Hußlein legt großen Wert auf ein Wohlfühlklima, schließlich haben die jungen Frauen das in ihren Familien nicht erlebt. „Wir fühlen uns verantwortlich für die Mädchen, denn Vertrauensbrüche haben unsere Bewohnerinnen schon viele erlebt“, erklärt Hußlein. Im Antonia-Werr-Zentrum können sie die Schule besuchen und einen Abschluss machen. Je nach Entwicklungsstand können die Mädchen aber auch außerhalb des Zentrums zur Schule gehen. Nach ihrem Abschluss besteht die Möglichkeit, im Zentrum eine Berufsausbildung zu absolvieren, zum Beispiel als Gärtnerin in der hauseigenen Gärtnerei.
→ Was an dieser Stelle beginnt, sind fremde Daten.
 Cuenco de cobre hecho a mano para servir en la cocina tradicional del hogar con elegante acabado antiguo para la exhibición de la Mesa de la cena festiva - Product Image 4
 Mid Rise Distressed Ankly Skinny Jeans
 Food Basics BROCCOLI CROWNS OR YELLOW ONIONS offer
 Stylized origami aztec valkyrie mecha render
Die Tage sind streng strukturiert, denn das müssen viele auch erst lernen. Zu festen Zeiten bereiten die Mädchen in ihren Häusern das Essen zu, zu festen Zeiten wird geputzt. Auf die Einhaltung achtet jeweils eine Sozialpädagogin, die mit den jungen Frauen unter einem Dach lebt.
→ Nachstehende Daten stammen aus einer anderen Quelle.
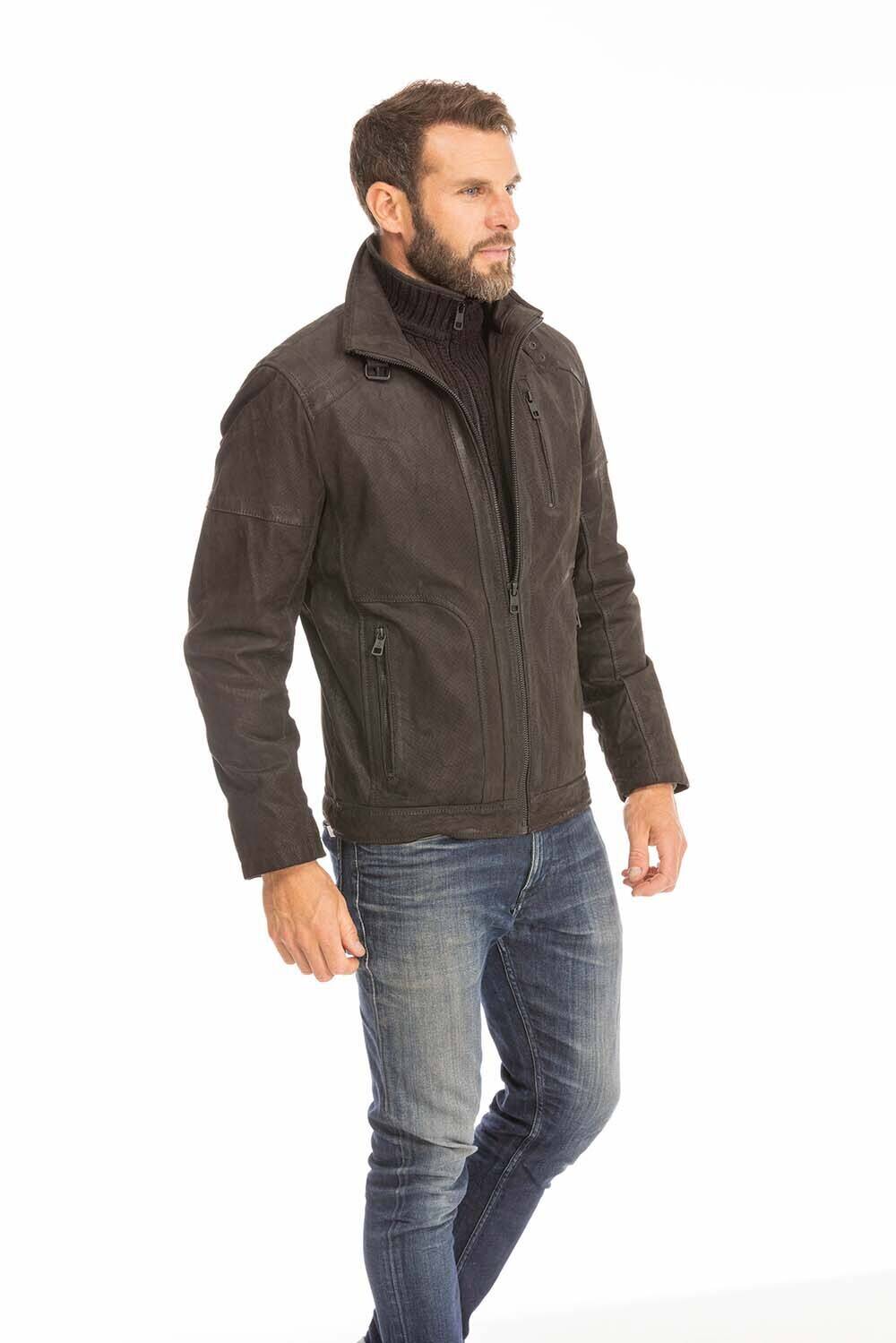 veste cuir homme franck noir marron  (13)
Eine enge Zusammenarbeit mit dem Jugendamt, den Mädchen selbst und – wenn möglich – deren Eltern ist Hußlein sehr wichtig. „Die jungen Frauen können bei uns so viel es geht mitentscheiden“, sagt er. Zum Beispiel, welches Essen es geben soll oder welche Freizeitangebote auf dem Programm stehen sollen. Nach Absprache dürfen die jungen Frauen das Gelände verlassen, um beispielsweise in der Stadt einkaufen zu gehen. Leicht ist das nicht immer. Die Gefahr, dass eine Bewohnerin wegläuft, besteht immer, nach Hußleins Angaben passiert das aber so gut wie nie. „Mitbestimmung kann immer zu Konflikten führen, aber die Mädchen spüren, dass wir ihnen Gutes wollen, und arbeiten gerne mit“, betont Hußlein.
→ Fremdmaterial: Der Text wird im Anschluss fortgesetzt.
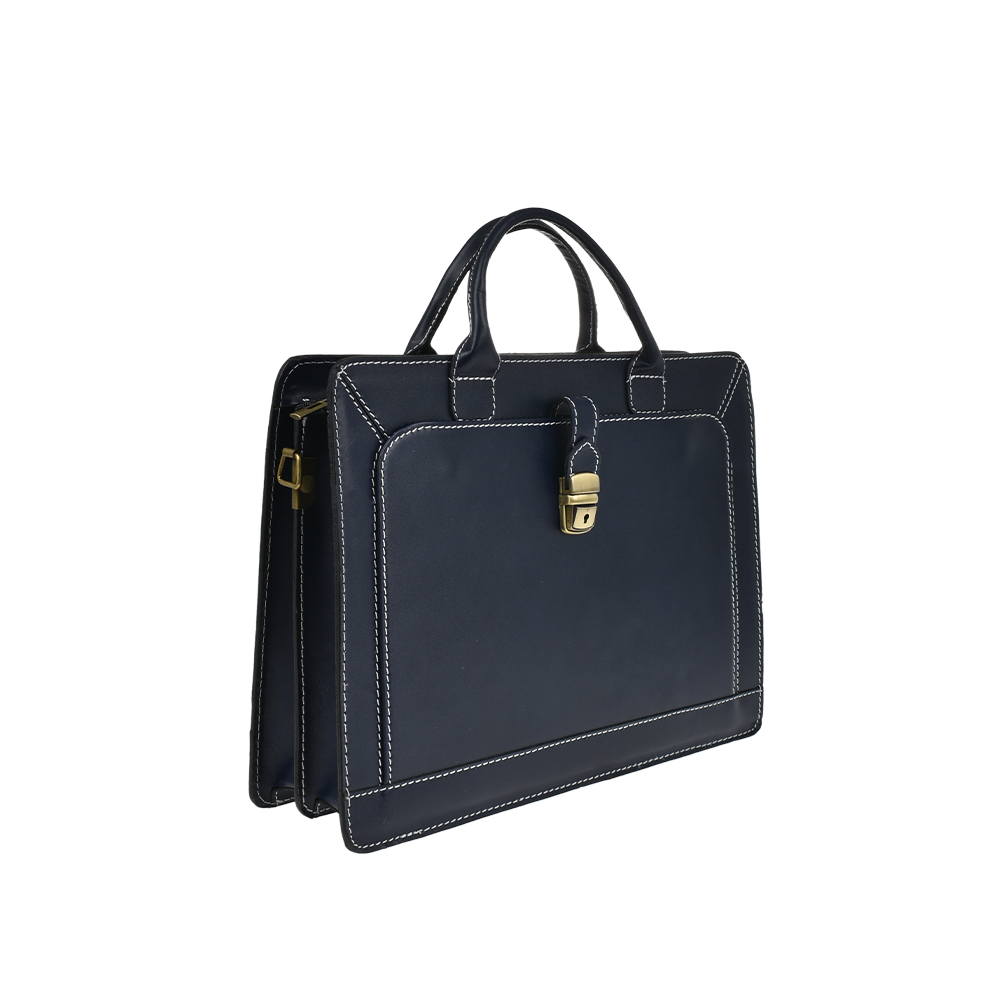 Servieta din piele naturala Antonia Moretti AM0366, Albastru, #2, Bagsy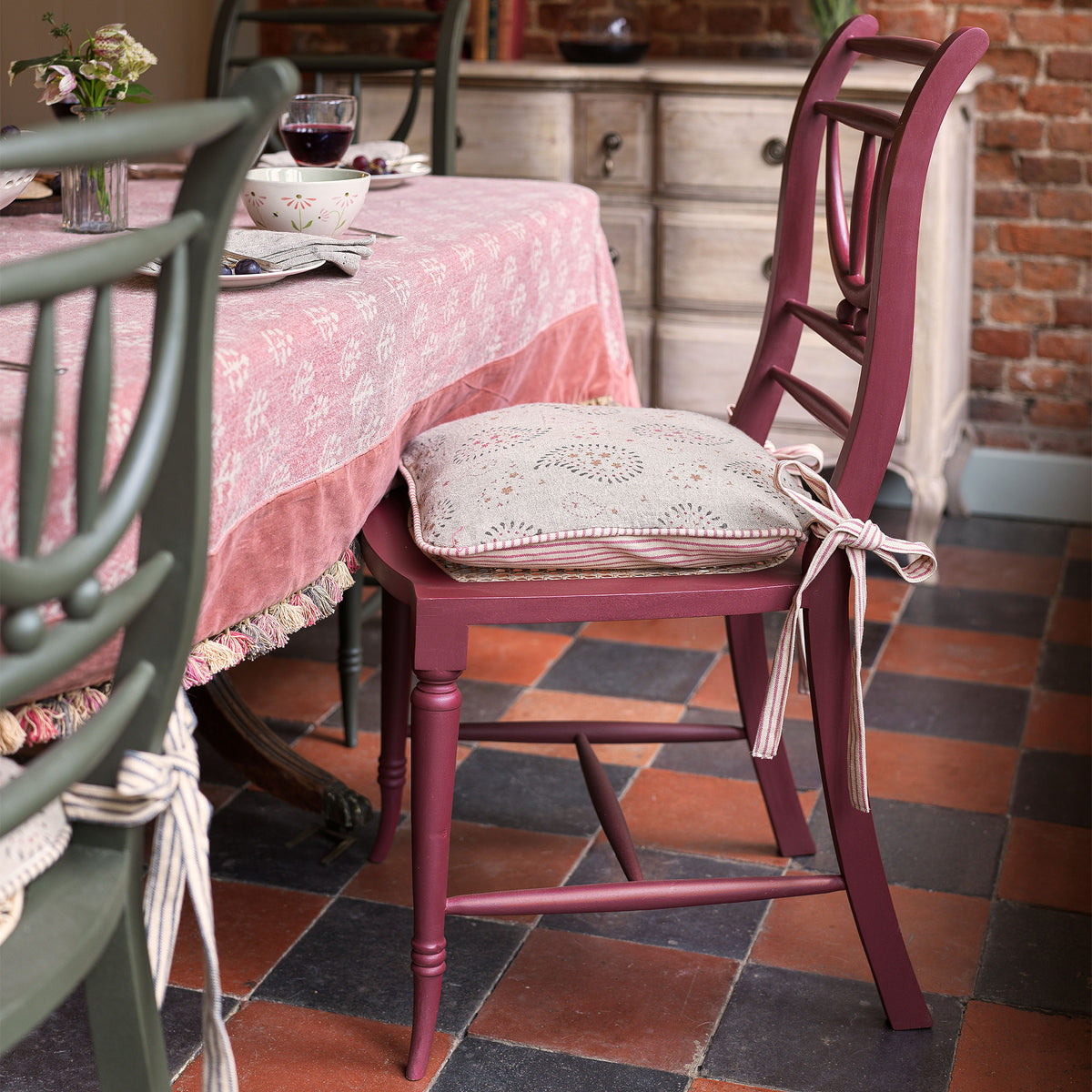 Painted Gustavian Dining Chair in Etruscan Red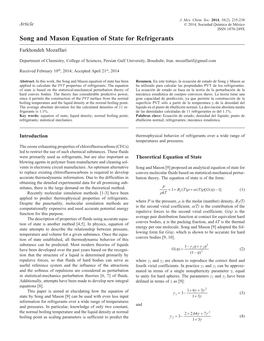 Song and Mason Equation of State for Refrigerants © 2014, Sociedad Química De México235 ISSN 1870-249X Song and Mason Equation of State for Refrigerants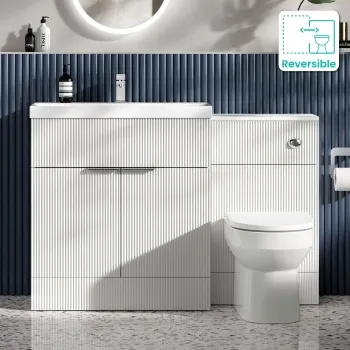 Havana Fluted Coastal White Combination Vanity Basin and Miami Toilet 1300mm - Chrome Handles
Dass seine Arbeit Gutes bewirkt hat, konnte er erst neulich sehen: „Eine ehemalige Mitbewohnerin von hier hat mir erzählt, dass sie ihren Studienabschluss geschafft hat.“ Diese Begegnungen gäben ihm Kraft für seine tägliche Arbeit, die in den nächsten Jahren seiner Meinung nach zunehmen wird. „Die Zahl hoch belasteter Jugendlicher steigt schon seit Jahren an. Grund sind überforderte Eltern, oft alleinerziehend, und Armut“, sagt Hußlein. Er beobachte ein Auseinanderdriften der Gesellschaft. Auf der einen Seite reiche Familien, die immer wohlhabender werden, und auf der anderen Seite immer mehr Menschen aus der Mittelschicht, die in die Unterschicht abrutschen. An Kindern gehe das nicht spurlos vorbei.